_YOUR OBJECTIVE_
Give back the data below exactly as it was given.

---- DATA EXCERPTS

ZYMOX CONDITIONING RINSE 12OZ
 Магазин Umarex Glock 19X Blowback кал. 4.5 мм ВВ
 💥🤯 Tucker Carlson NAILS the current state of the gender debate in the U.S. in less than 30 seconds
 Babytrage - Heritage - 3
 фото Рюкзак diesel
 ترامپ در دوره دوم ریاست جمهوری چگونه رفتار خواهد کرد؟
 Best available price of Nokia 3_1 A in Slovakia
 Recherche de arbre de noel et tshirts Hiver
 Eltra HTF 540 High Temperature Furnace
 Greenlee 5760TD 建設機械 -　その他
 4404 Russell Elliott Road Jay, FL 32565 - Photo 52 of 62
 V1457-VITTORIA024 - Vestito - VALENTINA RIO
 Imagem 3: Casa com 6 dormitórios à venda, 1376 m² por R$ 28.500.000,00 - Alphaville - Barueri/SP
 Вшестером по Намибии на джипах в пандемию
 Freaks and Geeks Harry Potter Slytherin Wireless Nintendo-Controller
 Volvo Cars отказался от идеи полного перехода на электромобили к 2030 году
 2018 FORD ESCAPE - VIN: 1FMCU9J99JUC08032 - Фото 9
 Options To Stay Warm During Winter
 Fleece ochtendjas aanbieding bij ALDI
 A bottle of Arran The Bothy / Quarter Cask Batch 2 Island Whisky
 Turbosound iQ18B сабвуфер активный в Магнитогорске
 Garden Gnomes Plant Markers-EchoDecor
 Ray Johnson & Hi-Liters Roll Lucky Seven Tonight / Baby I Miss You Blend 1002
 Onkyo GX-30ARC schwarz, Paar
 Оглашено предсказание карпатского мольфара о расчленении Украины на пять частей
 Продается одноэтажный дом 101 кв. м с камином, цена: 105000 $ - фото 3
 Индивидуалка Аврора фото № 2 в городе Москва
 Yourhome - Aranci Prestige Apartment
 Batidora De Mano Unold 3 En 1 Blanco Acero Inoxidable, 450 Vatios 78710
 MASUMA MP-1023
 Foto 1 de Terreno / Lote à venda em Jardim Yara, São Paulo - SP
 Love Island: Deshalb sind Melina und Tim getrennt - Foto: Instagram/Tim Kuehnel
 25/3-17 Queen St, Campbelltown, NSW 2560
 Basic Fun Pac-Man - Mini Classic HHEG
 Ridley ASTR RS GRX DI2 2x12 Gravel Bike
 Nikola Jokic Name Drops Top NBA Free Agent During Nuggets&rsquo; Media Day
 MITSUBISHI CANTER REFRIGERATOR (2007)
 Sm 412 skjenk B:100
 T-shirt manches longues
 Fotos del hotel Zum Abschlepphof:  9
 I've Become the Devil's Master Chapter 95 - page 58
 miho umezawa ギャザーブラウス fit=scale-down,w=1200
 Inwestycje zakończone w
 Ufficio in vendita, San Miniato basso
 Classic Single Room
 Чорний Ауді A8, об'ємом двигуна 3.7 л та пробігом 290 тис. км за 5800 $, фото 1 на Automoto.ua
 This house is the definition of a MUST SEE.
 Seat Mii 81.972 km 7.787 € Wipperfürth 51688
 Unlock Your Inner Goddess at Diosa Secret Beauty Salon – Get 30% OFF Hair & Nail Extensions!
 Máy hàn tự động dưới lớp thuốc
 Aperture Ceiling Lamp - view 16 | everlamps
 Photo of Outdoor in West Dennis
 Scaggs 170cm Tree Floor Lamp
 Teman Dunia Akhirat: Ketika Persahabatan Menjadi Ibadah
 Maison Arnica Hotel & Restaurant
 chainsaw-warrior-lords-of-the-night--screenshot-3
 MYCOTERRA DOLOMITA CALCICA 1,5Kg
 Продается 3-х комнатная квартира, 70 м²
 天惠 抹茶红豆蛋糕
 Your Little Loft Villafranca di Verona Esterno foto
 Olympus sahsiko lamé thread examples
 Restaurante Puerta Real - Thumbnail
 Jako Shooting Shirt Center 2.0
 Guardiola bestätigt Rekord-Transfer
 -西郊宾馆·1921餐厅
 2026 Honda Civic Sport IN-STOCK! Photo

--------

_ANSWER AREA_
ZYMOX CONDITIONING RINSE 12OZ
 Магазин Umarex Glock 19X Blowback кал. 4.5 мм ВВ
 💥🤯 Tucker Carlson NAILS the current state of the gender debate in the U.S. in less than 30 seconds
 Babytrage - Heritage - 3
 фото Рюкзак diesel
 ترامپ در دوره دوم ریاست جمهوری چگونه رفتار خواهد کرد؟
 Best available price of Nokia 3_1 A in Slovakia
 Recherche de arbre de noel et tshirts Hiver
 Eltra HTF 540 High Temperature Furnace
 Greenlee 5760TD 建設機械 -　その他
 4404 Russell Elliott Road Jay, FL 32565 - Photo 52 of 62
 V1457-VITTORIA024 - Vestito - VALENTINA RIO
 Imagem 3: Casa com 6 dormitórios à venda, 1376 m² por R$ 28.500.000,00 - Alphaville - Barueri/SP
 Вшестером по Намибии на джипах в пандемию
 Freaks and Geeks Harry Potter Slytherin Wireless Nintendo-Controller
 Volvo Cars отказался от идеи полного перехода на электромобили к 2030 году
 2018 FORD ESCAPE - VIN: 1FMCU9J99JUC08032 - Фото 9
 Options To Stay Warm During Winter
 Fleece ochtendjas aanbieding bij ALDI
 A bottle of Arran The Bothy / Quarter Cask Batch 2 Island Whisky
 Turbosound iQ18B сабвуфер активный в Магнитогорске
 Garden Gnomes Plant Markers-EchoDecor
 Ray Johnson & Hi-Liters Roll Lucky Seven Tonight / Baby I Miss You Blend 1002
 Onkyo GX-30ARC schwarz, Paar
 Оглашено предсказание карпатского мольфара о расчленении Украины на пять частей
 Продается одноэтажный дом 101 кв. м с камином, цена: 105000 $ - фото 3
 Индивидуалка Аврора фото № 2 в городе Москва
 Yourhome - Aranci Prestige Apartment
 Batidora De Mano Unold 3 En 1 Blanco Acero Inoxidable, 450 Vatios 78710
 MASUMA MP-1023
 Foto 1 de Terreno / Lote à venda em Jardim Yara, São Paulo - SP
 Love Island: Deshalb sind Melina und Tim getrennt - Foto: Instagram/Tim Kuehnel
 25/3-17 Queen St, Campbelltown, NSW 2560
 Basic Fun Pac-Man - Mini Classic HHEG
 Ridley ASTR RS GRX DI2 2x12 Gravel Bike
 Nikola Jokic Name Drops Top NBA Free Agent During Nuggets&rsquo; Media Day
 MITSUBISHI CANTER REFRIGERATOR (2007)
 Sm 412 skjenk B:100
 T-shirt manches longues
 Fotos del hotel Zum Abschlepphof:  9
 I've Become the Devil's Master Chapter 95 - page 58
 miho umezawa ギャザーブラウス fit=scale-down,w=1200
 Inwestycje zakończone w
 Ufficio in vendita, San Miniato basso
 Classic Single Room
 Чорний Ауді A8, об'ємом двигуна 3.7 л та пробігом 290 тис. км за 5800 $, фото 1 на Automoto.ua
 This house is the definition of a MUST SEE.
 Seat Mii 81.972 km 7.787 € Wipperfürth 51688
 Unlock Your Inner Goddess at Diosa Secret Beauty Salon – Get 30% OFF Hair & Nail Extensions!
 Máy hàn tự động dưới lớp thuốc
 Aperture Ceiling Lamp - view 16 | everlamps
 Photo of Outdoor in West Dennis
 Scaggs 170cm Tree Floor Lamp
 Teman Dunia Akhirat: Ketika Persahabatan Menjadi Ibadah
 Maison Arnica Hotel & Restaurant
 chainsaw-warrior-lords-of-the-night--screenshot-3
 MYCOTERRA DOLOMITA CALCICA 1,5Kg
 Продается 3-х комнатная квартира, 70 м²
 天惠 抹茶红豆蛋糕
 Your Little Loft Villafranca di Verona Esterno foto
 Olympus sahsiko lamé thread examples
 Restaurante Puerta Real - Thumbnail
 Jako Shooting Shirt Center 2.0
 Guardiola bestätigt Rekord-Transfer
 -西郊宾馆·1921餐厅
 2026 Honda Civic Sport IN-STOCK! Photo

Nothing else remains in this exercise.